Earlier this year, the U.S. Commerce Department, following an investigation by the U.S. International Trade Commission, imposed preliminary tariffs of up to 32 percent on Canadian uncoated groundwood paper, which includes the newsprint used by many American newspapers. In imposing the tariffs, officials cited the likelihood that Canada subsidized paper exports and that those products were sold in the United States at less than fair market value.
But the wisdom of the tariffs appears dubious considering, first, that they come at the behest of a single company and, second, the damage they could do in various publishing sectors. For newspapers, including the Daily Camera, the tariffs mean higher prices for newsprint. This could lead to further staff reductions, smaller papers, or worse -— outcomes that would hurt not only the papers themselves but also the communities they serve.

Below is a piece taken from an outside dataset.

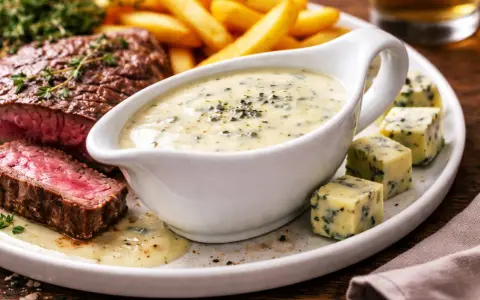 Steak juteux avec frites et une sauce au bleu crémeuse, parfaite pour accompagner.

The investigation that led to the tariffs came at the request of North Pacific Paper Company, or NORPAC, a mill in Washington that is owned by a New York hedge fund. You would think if Canadian paper suppliers benefited from an unfair advantage in American markets that other domestic manufacturers would speak up. They have -— but in opposition to the tariffs. In fact the industry's own trade group, the American Forest and Paper Association, opposes them. As David Chavern, president and CEO of News Media Alliance, wrote, "The well-documented decline in the U.S. newsprint market is not due to unfair trade, but to a decade-long shift from print to digital distribution of news and information.
Now, we will all literally pay for one manufacturer's manipulation of our country's trade laws."
NORPAC is said to have fewer than 300 employees. But the tariffs for which the company lobbied threaten many thousands of American jobs, not just in newspapers but also in other publishing sectors. The tariffs could further depress demand for newsprint and, far from affording protection, hasten a decline in the paper industry.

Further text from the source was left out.